The government consultation on plans for three new towns in the northeastern New Territories was orderly and reasoned when it began four years ago. Hong Kong's limited area necessitated development near border areas and the benefits were obvious. But there has since been a shift in sentiment towards mainland integration, and a weekend forum to allay the concerns of those affected was chaotic, with tempers high. This is not a matter like national education that authorities can backtrack on, though. Our city's future growth depends on such projects going ahead.
Unlike national education, developing new towns is complicated, with many interest groups, including villagers, property developers and farmers. Each group is divided in its support.

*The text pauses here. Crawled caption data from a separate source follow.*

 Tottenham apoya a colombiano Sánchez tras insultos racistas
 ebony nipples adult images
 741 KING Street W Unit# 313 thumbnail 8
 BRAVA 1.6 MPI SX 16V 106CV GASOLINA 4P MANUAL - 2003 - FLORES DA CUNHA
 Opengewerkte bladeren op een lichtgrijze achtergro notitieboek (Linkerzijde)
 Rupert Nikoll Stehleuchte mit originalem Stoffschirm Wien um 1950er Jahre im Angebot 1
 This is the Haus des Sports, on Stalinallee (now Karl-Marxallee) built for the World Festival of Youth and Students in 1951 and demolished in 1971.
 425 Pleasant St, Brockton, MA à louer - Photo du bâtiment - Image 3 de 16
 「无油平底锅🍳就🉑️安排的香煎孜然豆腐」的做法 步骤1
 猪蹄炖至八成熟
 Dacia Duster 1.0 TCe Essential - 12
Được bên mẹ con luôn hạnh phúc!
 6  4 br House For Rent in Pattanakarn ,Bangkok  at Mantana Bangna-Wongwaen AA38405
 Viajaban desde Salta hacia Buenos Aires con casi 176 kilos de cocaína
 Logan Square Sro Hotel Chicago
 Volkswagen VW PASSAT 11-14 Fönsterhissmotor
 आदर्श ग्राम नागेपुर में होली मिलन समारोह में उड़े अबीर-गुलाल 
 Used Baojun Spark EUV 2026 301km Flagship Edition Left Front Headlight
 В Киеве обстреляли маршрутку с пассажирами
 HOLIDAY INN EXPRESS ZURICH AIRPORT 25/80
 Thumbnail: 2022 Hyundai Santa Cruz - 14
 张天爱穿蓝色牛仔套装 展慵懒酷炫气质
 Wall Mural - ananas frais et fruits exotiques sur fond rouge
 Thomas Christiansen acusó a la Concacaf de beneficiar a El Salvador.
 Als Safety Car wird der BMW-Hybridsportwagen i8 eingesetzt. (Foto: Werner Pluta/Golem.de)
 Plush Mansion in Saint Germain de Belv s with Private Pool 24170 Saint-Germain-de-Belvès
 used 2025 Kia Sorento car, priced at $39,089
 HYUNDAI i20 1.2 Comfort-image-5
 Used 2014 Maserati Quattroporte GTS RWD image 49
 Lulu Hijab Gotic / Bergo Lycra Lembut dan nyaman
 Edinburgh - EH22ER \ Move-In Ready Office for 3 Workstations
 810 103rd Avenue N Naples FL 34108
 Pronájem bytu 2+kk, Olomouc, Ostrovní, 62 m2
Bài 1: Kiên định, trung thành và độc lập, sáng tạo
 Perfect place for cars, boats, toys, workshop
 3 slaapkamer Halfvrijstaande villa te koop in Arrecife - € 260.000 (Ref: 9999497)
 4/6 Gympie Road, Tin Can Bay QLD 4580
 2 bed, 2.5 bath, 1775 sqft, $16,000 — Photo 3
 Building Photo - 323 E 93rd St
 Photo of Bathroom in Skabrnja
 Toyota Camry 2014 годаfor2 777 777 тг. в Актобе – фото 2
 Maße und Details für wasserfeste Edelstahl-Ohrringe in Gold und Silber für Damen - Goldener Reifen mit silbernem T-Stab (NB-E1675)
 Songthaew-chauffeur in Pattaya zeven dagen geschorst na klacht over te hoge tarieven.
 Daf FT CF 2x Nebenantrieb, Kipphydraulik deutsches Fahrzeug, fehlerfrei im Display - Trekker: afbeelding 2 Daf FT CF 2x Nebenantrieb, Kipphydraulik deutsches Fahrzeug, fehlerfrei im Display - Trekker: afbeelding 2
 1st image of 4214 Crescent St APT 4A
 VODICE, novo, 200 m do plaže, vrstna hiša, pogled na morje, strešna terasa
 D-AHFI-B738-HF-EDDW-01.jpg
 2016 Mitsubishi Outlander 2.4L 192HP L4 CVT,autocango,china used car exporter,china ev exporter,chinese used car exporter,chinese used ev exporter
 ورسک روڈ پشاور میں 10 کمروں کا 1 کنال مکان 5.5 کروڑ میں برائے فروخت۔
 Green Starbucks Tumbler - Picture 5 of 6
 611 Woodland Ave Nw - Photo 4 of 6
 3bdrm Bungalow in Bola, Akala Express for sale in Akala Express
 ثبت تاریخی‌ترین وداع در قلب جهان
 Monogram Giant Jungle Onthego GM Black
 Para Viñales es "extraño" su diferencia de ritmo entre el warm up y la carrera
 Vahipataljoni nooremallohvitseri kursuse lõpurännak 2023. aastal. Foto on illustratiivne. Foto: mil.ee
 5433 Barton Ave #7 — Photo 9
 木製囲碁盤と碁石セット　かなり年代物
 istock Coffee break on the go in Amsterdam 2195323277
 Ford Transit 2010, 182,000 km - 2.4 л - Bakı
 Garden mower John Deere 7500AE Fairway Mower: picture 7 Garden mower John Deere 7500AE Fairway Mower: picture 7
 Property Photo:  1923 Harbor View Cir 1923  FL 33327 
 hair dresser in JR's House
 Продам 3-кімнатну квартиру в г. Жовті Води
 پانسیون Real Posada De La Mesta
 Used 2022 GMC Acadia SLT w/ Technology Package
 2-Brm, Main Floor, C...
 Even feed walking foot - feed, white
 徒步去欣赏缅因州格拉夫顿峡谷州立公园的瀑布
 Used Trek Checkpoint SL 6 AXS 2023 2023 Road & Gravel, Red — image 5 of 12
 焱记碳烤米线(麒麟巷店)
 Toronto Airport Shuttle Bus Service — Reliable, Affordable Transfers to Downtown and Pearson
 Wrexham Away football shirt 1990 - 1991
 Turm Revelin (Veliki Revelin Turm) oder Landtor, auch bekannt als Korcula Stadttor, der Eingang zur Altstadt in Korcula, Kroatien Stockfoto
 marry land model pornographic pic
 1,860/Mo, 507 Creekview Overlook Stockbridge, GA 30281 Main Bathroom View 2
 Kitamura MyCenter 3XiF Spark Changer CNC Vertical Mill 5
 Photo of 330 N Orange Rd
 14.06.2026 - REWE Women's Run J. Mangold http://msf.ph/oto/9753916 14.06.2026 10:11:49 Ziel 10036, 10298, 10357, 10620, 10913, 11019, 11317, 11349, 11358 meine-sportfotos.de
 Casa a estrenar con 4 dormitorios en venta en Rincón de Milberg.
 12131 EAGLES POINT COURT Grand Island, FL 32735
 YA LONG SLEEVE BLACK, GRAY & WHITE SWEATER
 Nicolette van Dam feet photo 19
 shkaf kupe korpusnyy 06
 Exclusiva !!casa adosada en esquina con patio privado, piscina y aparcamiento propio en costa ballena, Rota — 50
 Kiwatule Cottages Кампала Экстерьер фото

Among the villagers, for example, there are those who would gladly sell their land, others who would move out only if the terms are right and a hardcore who have no intention of budging. Among developers, those with plots want to be compensated not just for land at market value, but at lost investment potential. Then there are those not directly affected, who decry the perceived "mainlandisation" of Hong Kong.
Meeting the demands of all involved is not possible. This is a major project, involving 10,000 residents and almost 800 hectares of land. The aim is to build 53,800 homes for 152,000 people. At least HK$40 billion in public funds will be needed to purchase the land. Development secretary Paul Chan Mo-po was right to suggest that, given the concerns, a percentage of the flats have to be set aside just for Hong Kong buyers.
Sensitivities have to be taken into account. Chief Executive Leung Chun-ying sparked fears in June when he said people from the mainland should be able to enter Hong Kong's border areas - near the proposed new towns - without a visa. The government's caving in to pressure against multi-entry visitor permits for an extra 4.1 million Shenzhen residents shows its readiness to listen. That means allowing all sides to air views, giving them careful consideration, weighing options, being transparent and going forward without unreasonable haste.
But there can be no turning back. Our population is increasing and we need more space for businesses and to innovate. The nine new towns developed since the late 1960s prove what can be achieved; Sha Tin, for one, has been a resounding success. The guiding development principle has to be the common good - and of this project, there is no doubt.